• What to produce:
Provide an exact copy of the data, excluding the images.

(Beginning of Material provided)

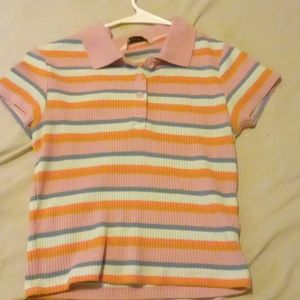 I am selling a size Medium crop t shirt. It is multicolor.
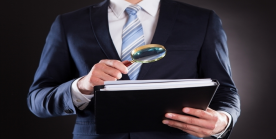 business person holding magnifying glass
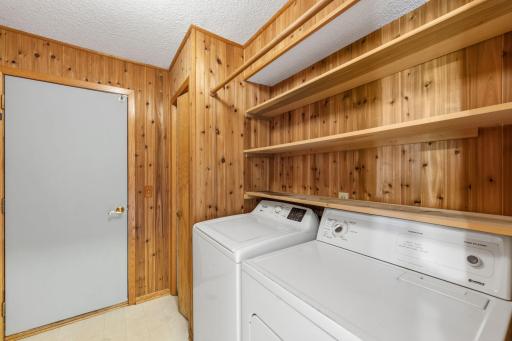 Minnesotans need an entry closet for every day entering. The main floor laundry is conveniently located near the hub of the house.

(End of Material provided)

• Final answer:
 I am selling a size Medium crop t shirt. It is multicolor.
 business person holding magnifying glass
 Minnesotans need an entry closet for every day entering. The main floor laundry is conveniently located near the hub of the house.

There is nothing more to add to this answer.